**Required action**
Send back the data below exactly. Drop every picture.
==== Data extract
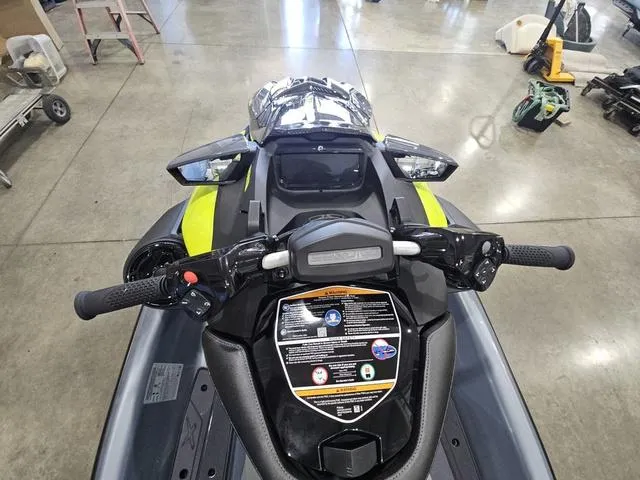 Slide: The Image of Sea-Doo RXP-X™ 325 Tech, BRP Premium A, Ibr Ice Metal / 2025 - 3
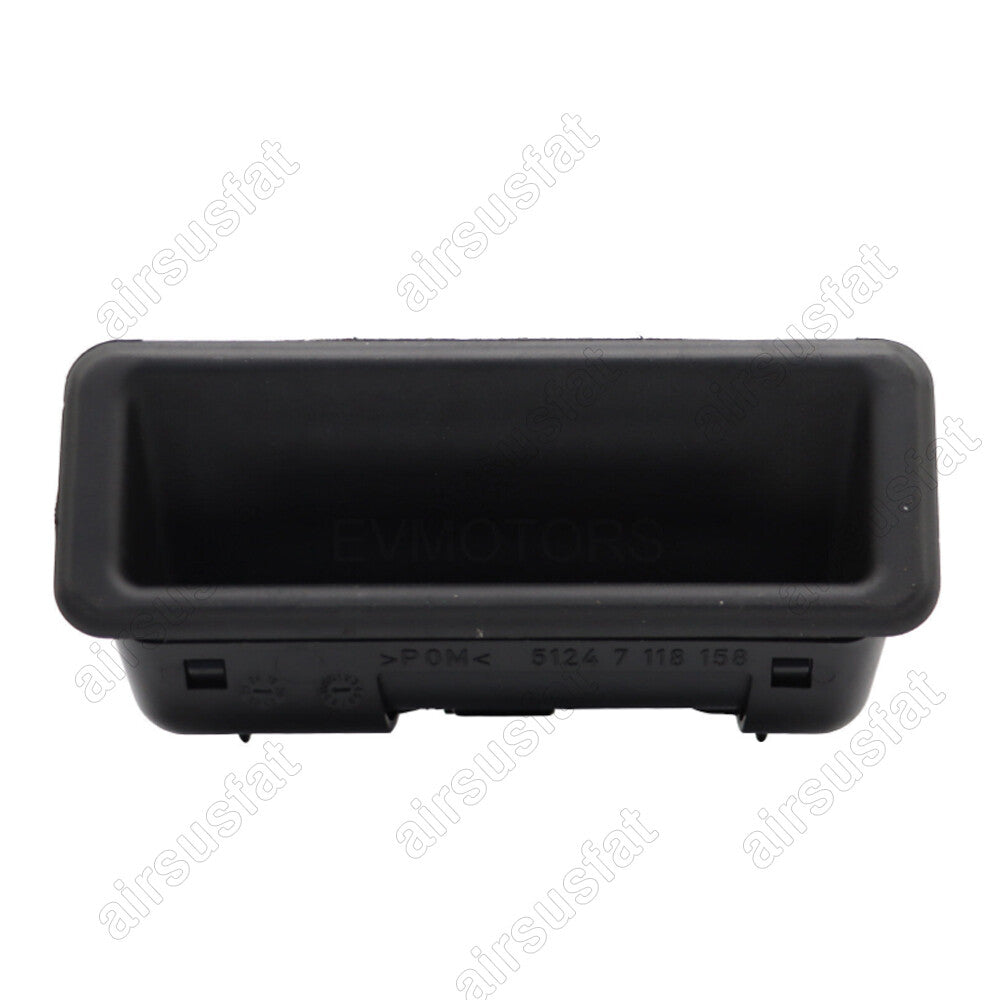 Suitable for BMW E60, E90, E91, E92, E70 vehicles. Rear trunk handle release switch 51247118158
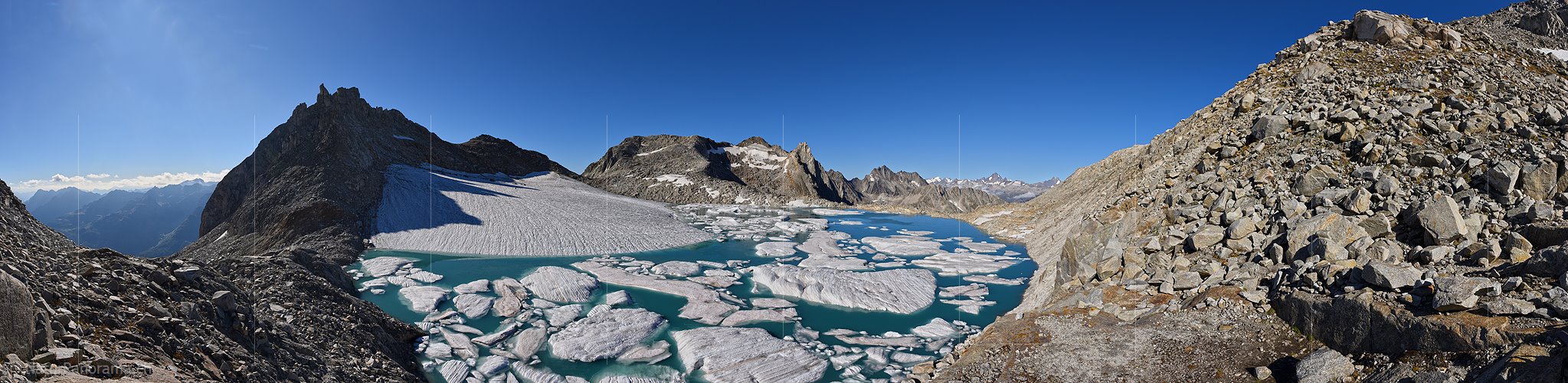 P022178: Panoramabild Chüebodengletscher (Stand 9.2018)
========
**Written answer**
 Slide: The Image of Sea-Doo RXP-X™ 325 Tech, BRP Premium A, Ibr Ice Metal / 2025 - 3
 Suitable for BMW E60, E90, E91, E92, E70 vehicles. Rear trunk handle release switch 51247118158
 P022178: Panoramabild Chüebodengletscher (Stand 9.2018)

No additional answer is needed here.